3 min read.Updated: 23 Mar 2021, 07:04 AM ISTBloomberg
Cathie Wood’s Ark Investment sees a 50% chance of Tesla achieving fully autonomous driving within five years, while Citigroup’s Jim Suva said developing the Apple Car could boost the company’s sales by up to 15% after 2024
A growing chorus of Wall Street professionals is predicting that electric and autonomous vehicles sales will propel Apple Inc. and Tesla Inc. to $3 trillion each in market value by 2030.
The blockbuster targets come as shares of both companies -- though two of the most popular in the S&P 500 index -- have slumped this year and are lagging the benchmark’s 4.9% rise. That hasn’t dented the enthusiasm of a handful of analysts and investors betting big on the future of driver-less cars.
Cathie Wood’s Ark Investment Management, for example, sees a 50% chance of Tesla achieving fully autonomous driving within five years, while Citigroup Inc.’s Jim Suva said developing the Apple Car could boost the company’s sales by up to 15% after 2024.
“Tesla is the perfect example of a momentum stock that is really all about the optimism of the future and optimism of what they can do with everything that they are working on," said Greg Taylor, chief investment officer at Purpose Investments. “And conversely Apple has almost become the new defensive stock. It’s the company with one of the best balance sheets out there. And it’s become almost the new defensive that when people buy the market, they buy Apple."
Wood was the latest to predict that Tesla would reach the eye-popping milestone after she boosted her share price forecast to $3,000, giving the company a valuation of almost $3 trillion.
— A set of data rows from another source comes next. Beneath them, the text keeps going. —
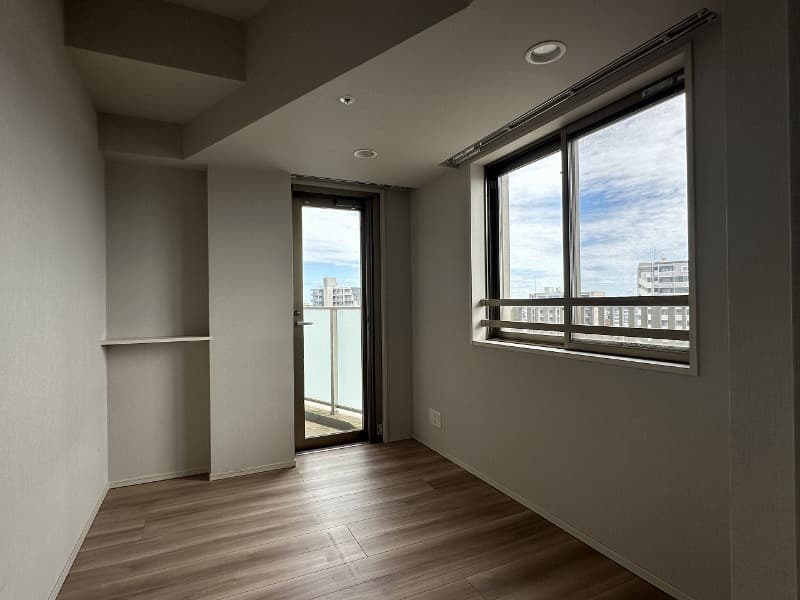 Room image 9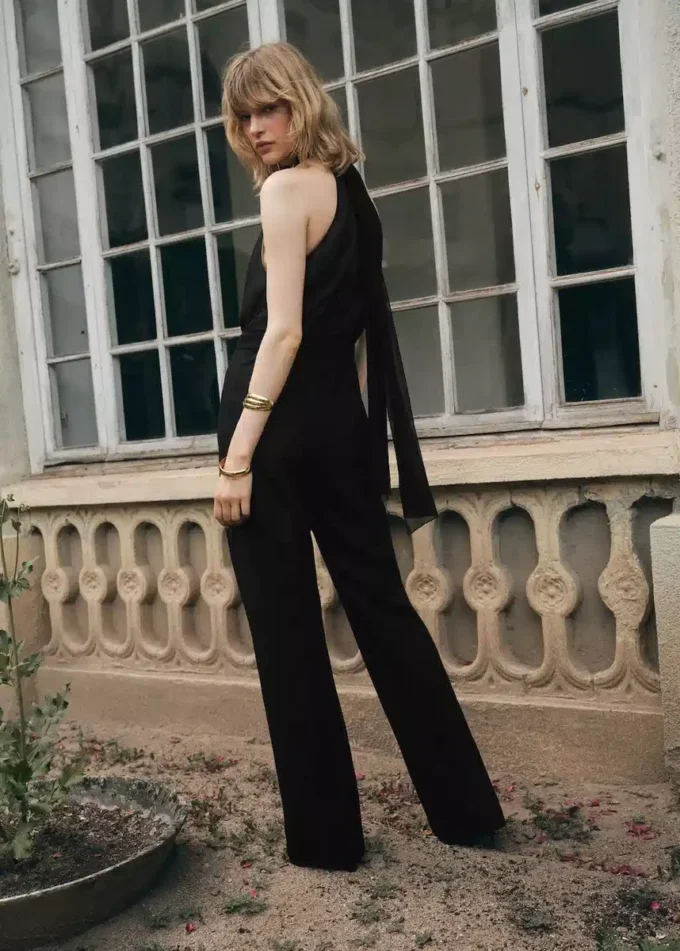Halterneck-Jumpsuit mit Schal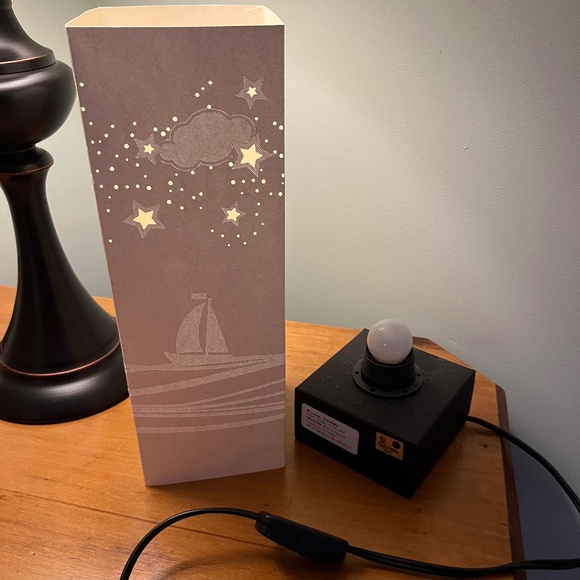 Paper Art Table Lamp - Light box lamp -Starry night on lake scene - Picture 6 of 11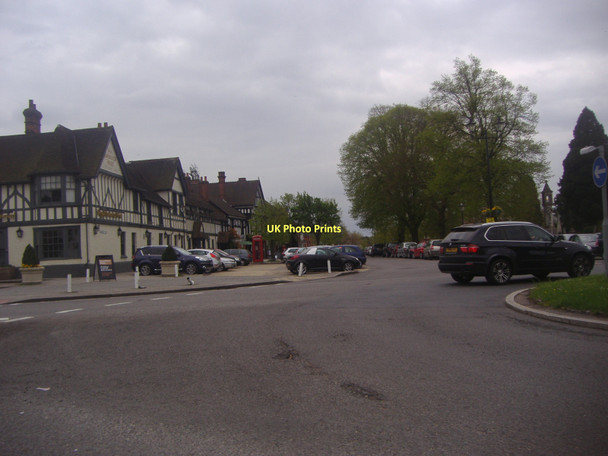 Photo 6"x4" Roundabout by Aylesbury End, Beaconsfield Beaconsfield c2011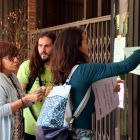 Varios miembros de USTEC ante el departamento de Educación en Barcelona enganchando carteles en las puertas.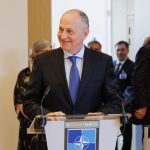 Cum arata Mircea Geoana in tinerete 19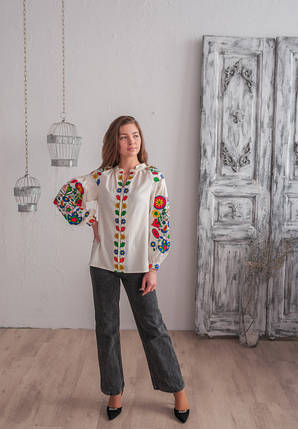 Жіноча молочна вишиванка з вишивкою гладдю яскравими польовими квітами на рукавах, фото 2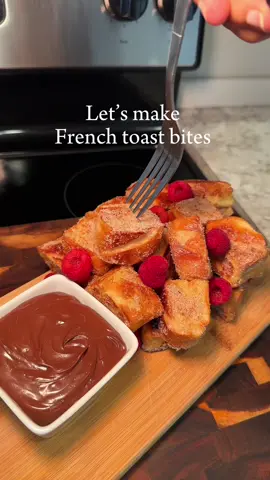 Let’s make French toast 🍞🍓🫐 Recipe  Brioche bread  Eggs  Milk  Cinnamon powder  Granulated sugar  Brown sugar  Butter  Raspberries  Nutella  #frenchtoast #fyp #foodrecipe #EasyRecipe #breakfast #foodtiktok #FoodTok #breakfastideas #xyzbca #healthylifestyle #asmrsounds #asmrfood #easybreakfast  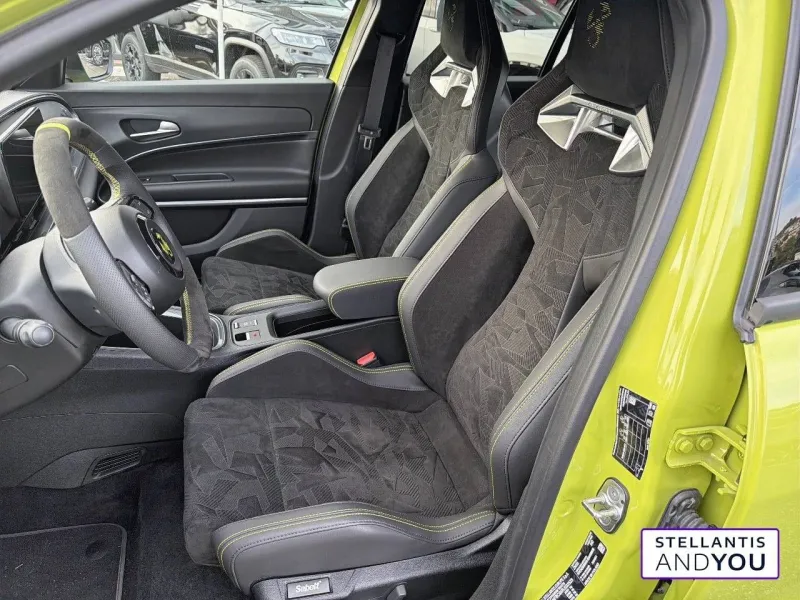 Image secondaire du véhicule 10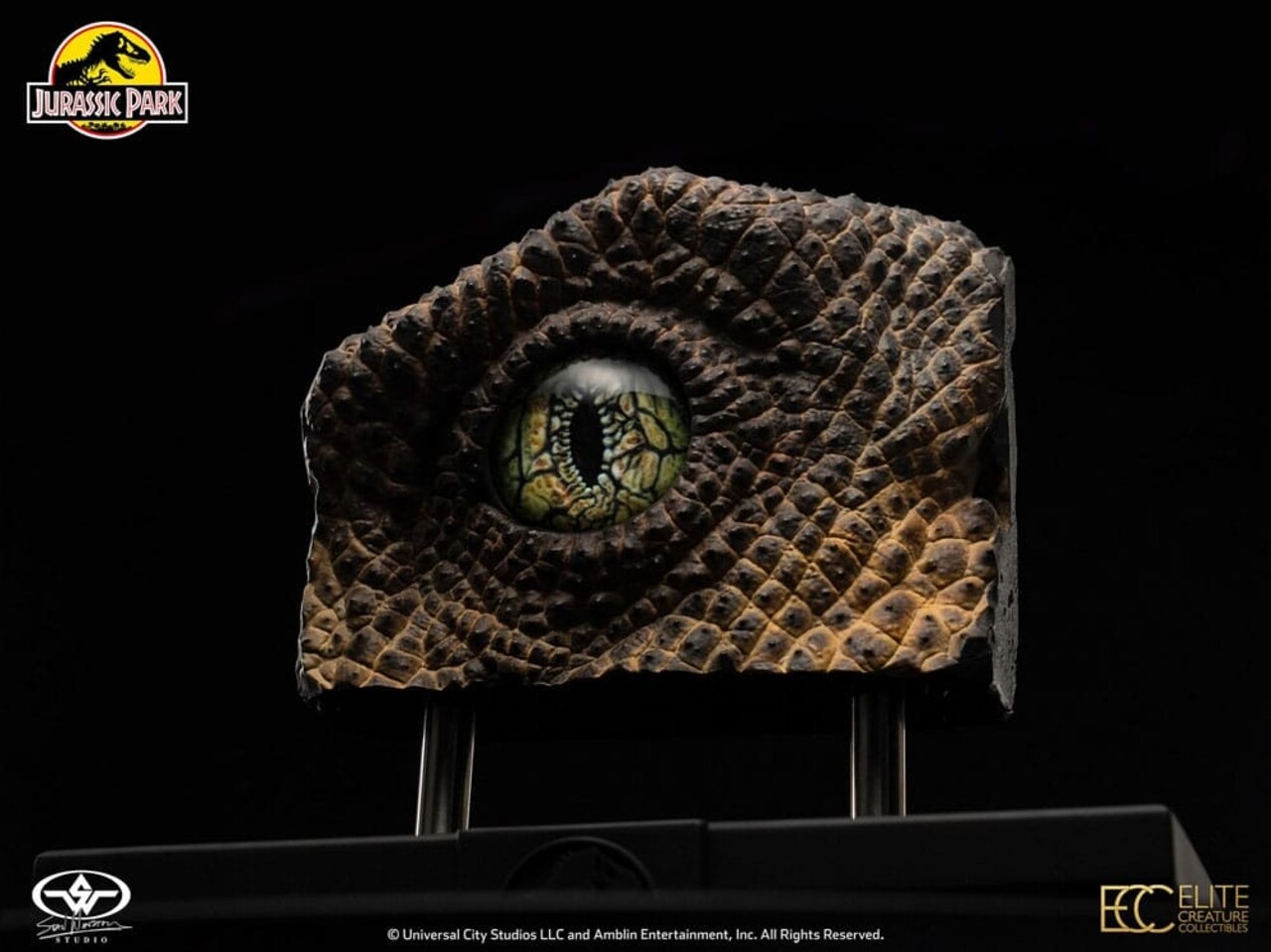 Elite Creature Collectibles Jurassic Park 1/1 Replica Bust Velociraptor Eye 23 cm Elite Creature Collectibles Jurassic Park 1/1 Replica Bust Velociraptor Eye 23 cm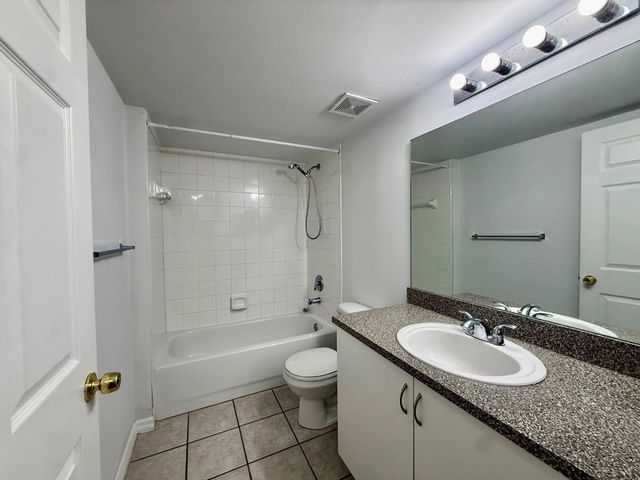 5041 Wiles Road 9-208, Coconut Creek, FL 33073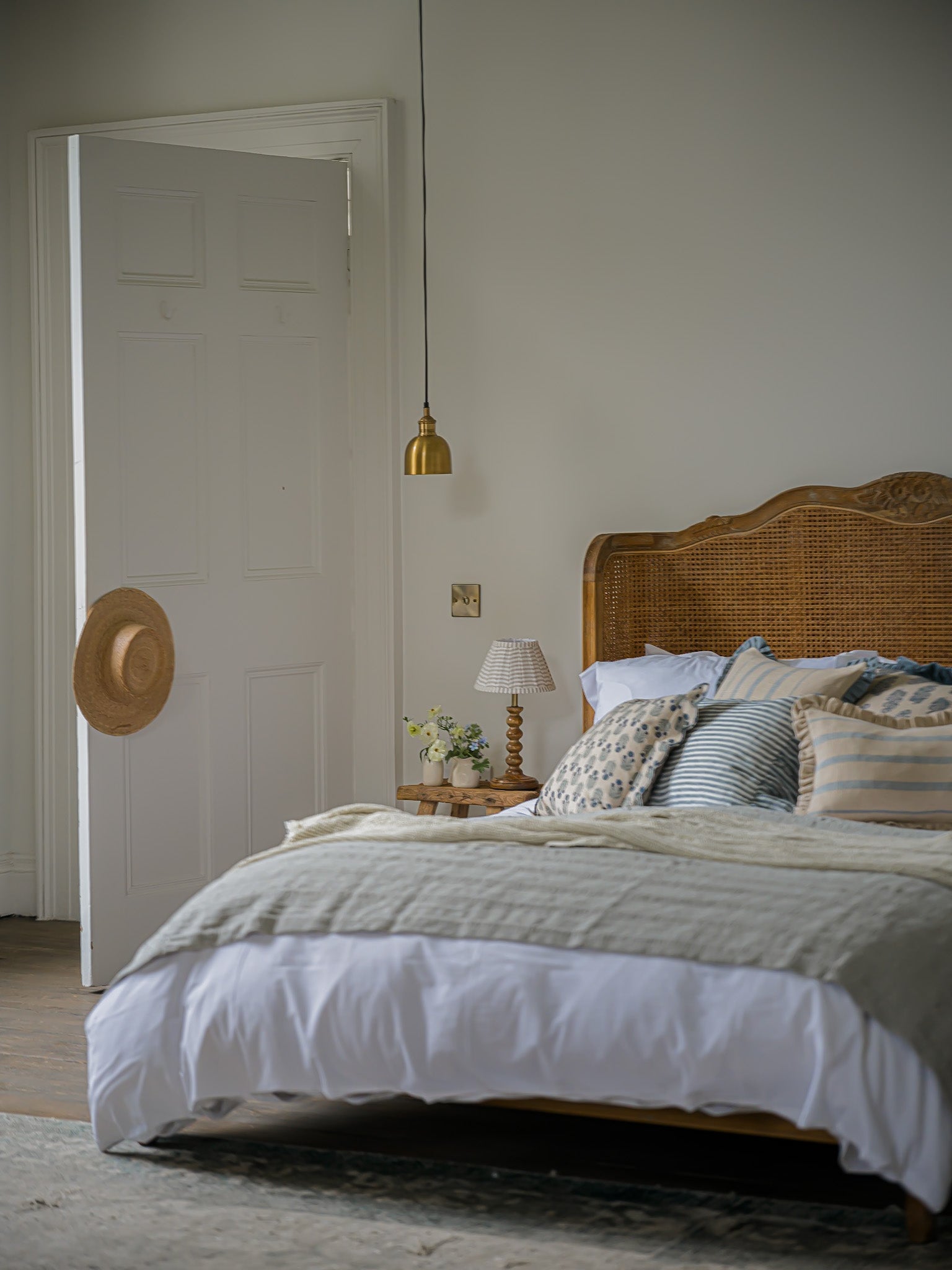 The Somerset Stripe Matelasse Bedspread | Seafoam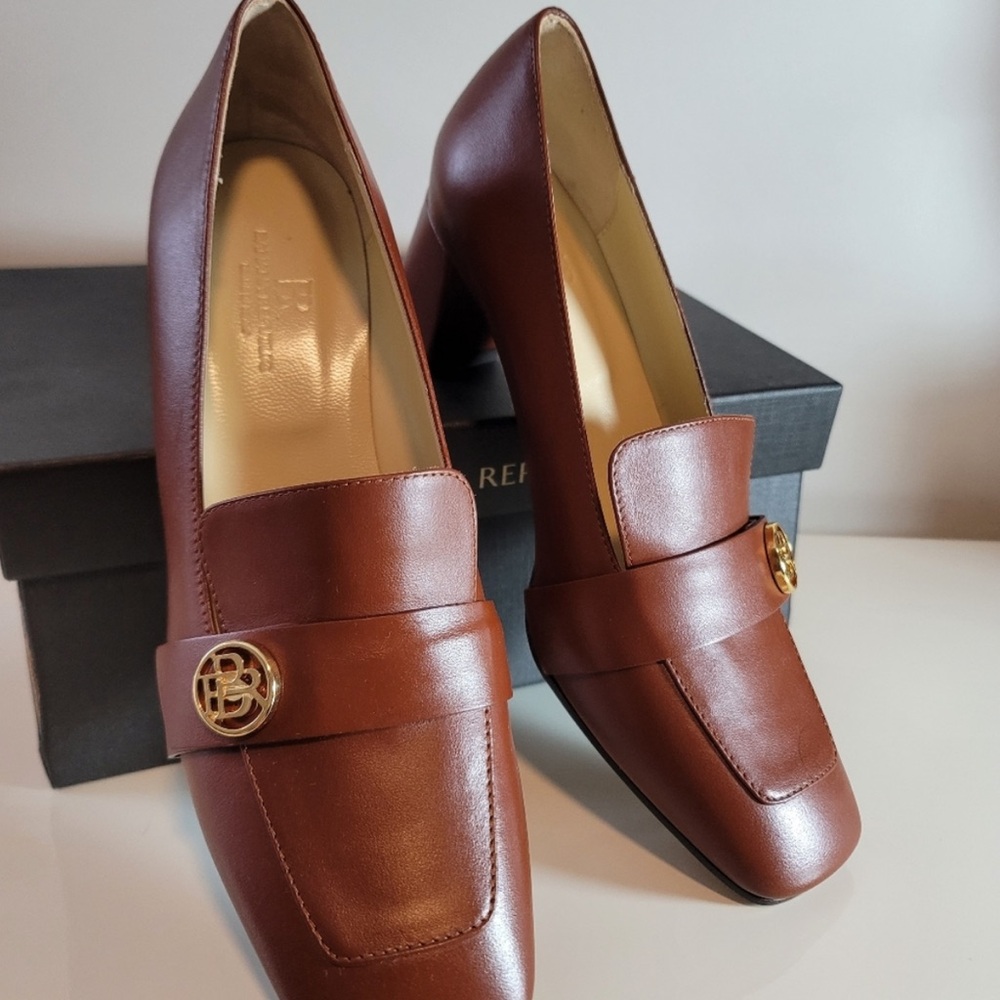 Banana Republic Brown Loafer Heel size 7.5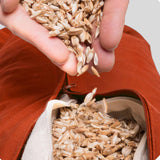 #DoYourYoga Yoga-Bolster Paravati, gefüllt mit biologischem Dinkelspelz, 67x22x13 cm, Style 5 Orange-Weiß, anpassbar und pflegeleicht.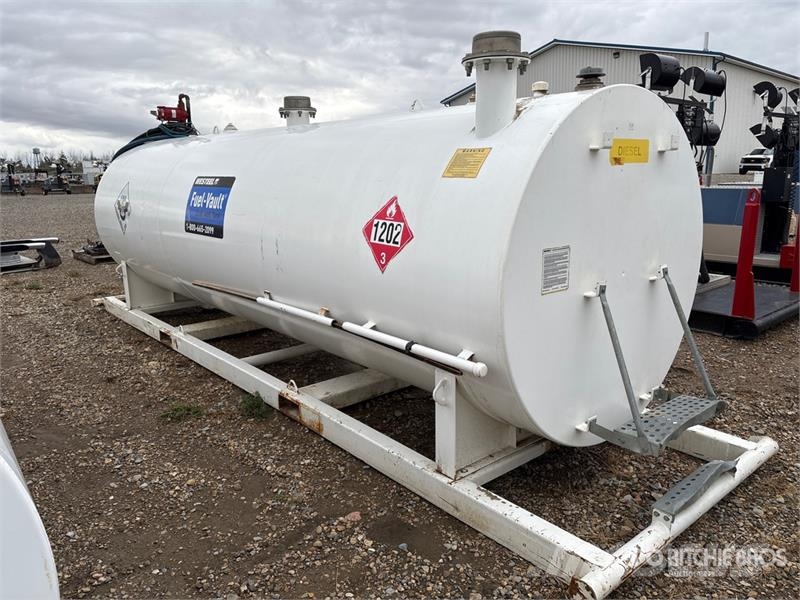 Westeel 11000 L Skid Mounted Steel Diesel Fuel Tan 연료 및 첨가제 탱크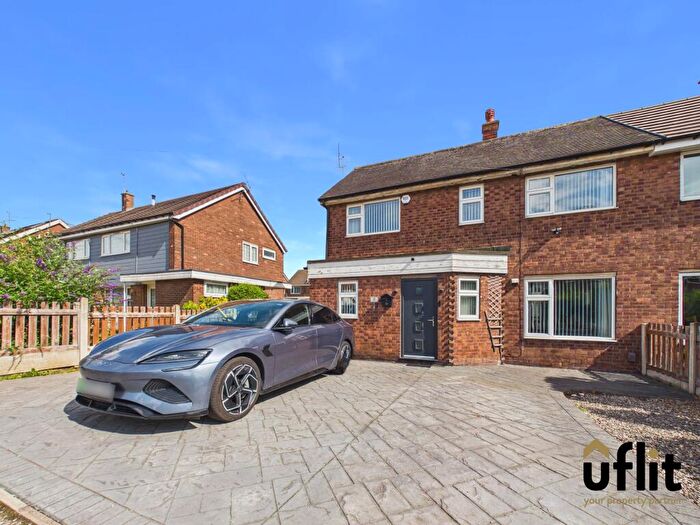 3 Bedroom Semi-Detached House For Sale In Roman Crescent, Brinsworth, Rotherham, S60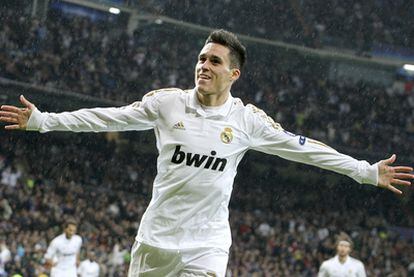 Callejón anota su segundo gol de la noche, el quinto del Real Madrid.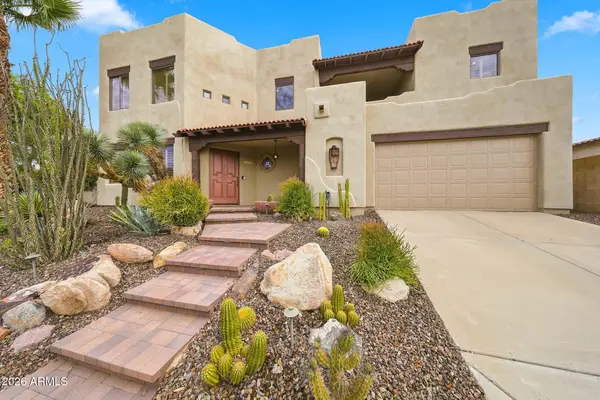 1732 E Gelding Drive, Phoenix, AZ 85022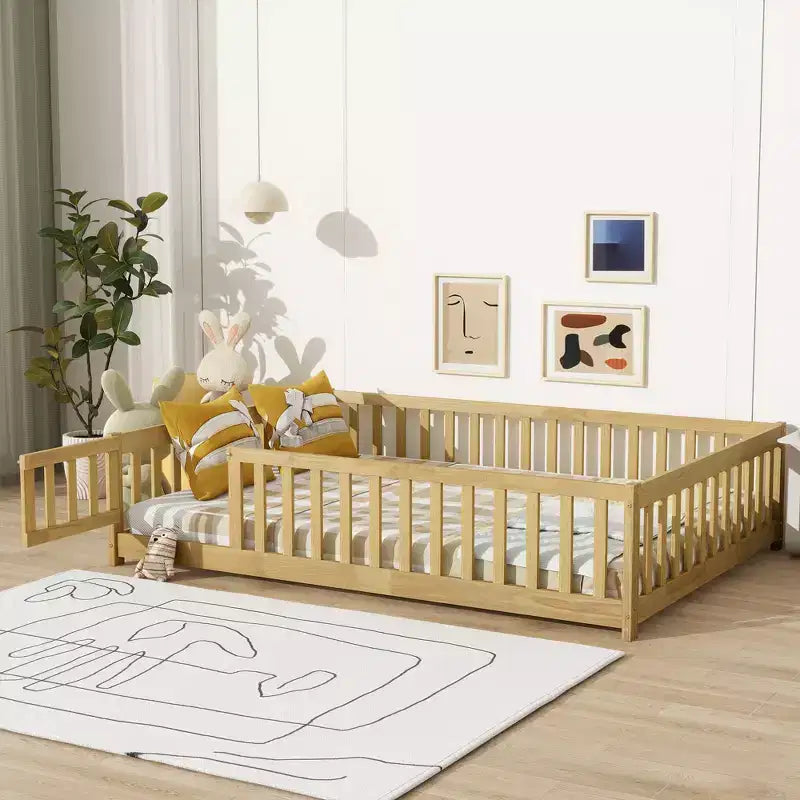 Bellemave Letto a Terra Montessori Completo con Recinzione e Porta, Struttura Bassa in Legno per Bambini con Sponde di Protezione, Legno Massello di Gomma, Facile da Montare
That follows New Street analyst Pierre Ferragu, who forecast the electric-vehicle maker can have a market capitalization of $2.3 trillion to $3.3 trillion by 2030.
Shares of Tesla rose 2.3% to $670 on Monday, giving it a market value of about $643 billion.
“A $3 trillion market cap has to be a function of both the promise of a technology and some very tangible proof that it’s economic model is profitable, and deeply profitable," said Nicholas Colas, co-founder of DataTrek Research. “So you don’t get to $1 trillion, let alone $3 trillion by just talking. You get there by showing the numbers, by showing the profitability."
And while Apple has a solid track record of strong profit generation, Tesla is still in the early stages of that.
“Tesla has yet to prove remarkable profitability. And it doesn’t exactly operate in a sector that has remarkable profitability. I understand why it has the valuation it has today -- breaking through on EVs and making them a mass market concept is worth this valuation. However, getting a triple out of it, requires, that you then show that that business model is profitable," Colas added.
Citigroup and Wedbush see potential for Apple to hit the $3 trillion target, an increase of about $1 trillion from its current market capitalization. Apple is already the most valuable stock in the world.
Apple is down 7% this year and Tesla has slipped about 5%, pushing it further away from the recent bull calls. Analysts covering Apple expect the stock to rally about 23% this year on average, with 32 of them posting buy ratings, 10 with holds and three suggest selling the shares. Those that report on Tesla forecast a further 5.3% decline, with 15 of them having buy recommendations, 14 with holds and 12 with sell ratings. Both stocks make up a total of more than 7% of the S&P 500 Index.
Part of the decline for these high-flyers is a general rotation by investors out of growth and momentum stocks and into the value trade this year as optimism about economic growth and concern about inflation fueled a selloff in bonds. The Nasdaq 100 Index, where both these stocks are listed, has wiped out this year’s gains twice within a matter of two weeks. The index is now up 1.5% for 2021.
“It’s hard to discount anything right with the amount of money printing that’s going on. I think it all comes back to just how much money is in the system. As long as money keeps being printed at the rate that it has been, then it’s going to be put into risk assets in the equity market," Taylor said.